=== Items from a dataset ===
Start of Block
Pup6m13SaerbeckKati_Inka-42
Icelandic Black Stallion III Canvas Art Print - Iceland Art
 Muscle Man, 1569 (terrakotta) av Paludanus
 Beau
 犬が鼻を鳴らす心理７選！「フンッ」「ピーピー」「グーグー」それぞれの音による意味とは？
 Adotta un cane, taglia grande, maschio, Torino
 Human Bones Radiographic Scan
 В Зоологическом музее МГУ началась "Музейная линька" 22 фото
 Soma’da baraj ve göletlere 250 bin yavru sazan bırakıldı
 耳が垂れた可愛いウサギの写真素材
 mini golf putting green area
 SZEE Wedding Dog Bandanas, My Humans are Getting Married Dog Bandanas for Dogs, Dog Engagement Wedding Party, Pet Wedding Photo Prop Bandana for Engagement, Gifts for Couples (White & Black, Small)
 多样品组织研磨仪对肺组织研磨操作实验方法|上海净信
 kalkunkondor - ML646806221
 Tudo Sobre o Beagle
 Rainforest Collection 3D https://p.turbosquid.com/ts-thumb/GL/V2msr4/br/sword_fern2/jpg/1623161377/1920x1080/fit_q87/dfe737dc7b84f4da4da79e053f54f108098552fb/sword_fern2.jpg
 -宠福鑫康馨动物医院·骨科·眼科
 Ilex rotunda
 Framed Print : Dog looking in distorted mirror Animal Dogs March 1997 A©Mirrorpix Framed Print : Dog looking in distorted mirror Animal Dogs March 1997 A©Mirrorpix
End of Block
Of the entries above, repeat exactly the lines between the line with "Icelandic Black Stallion" and the line with "В Зоологическом музее", inclusive, and no others.

=== SOLUTION TO THIS PROBLEM ===
Icelandic Black Stallion III Canvas Art Print - Iceland Art
 Muscle Man, 1569 (terrakotta) av Paludanus
 Beau
 犬が鼻を鳴らす心理７選！「フンッ」「ピーピー」「グーグー」それぞれの音による意味とは？
 Adotta un cane, taglia grande, maschio, Torino
 Human Bones Radiographic Scan
 В Зоологическом музее МГУ началась "Музейная линька" 22 фото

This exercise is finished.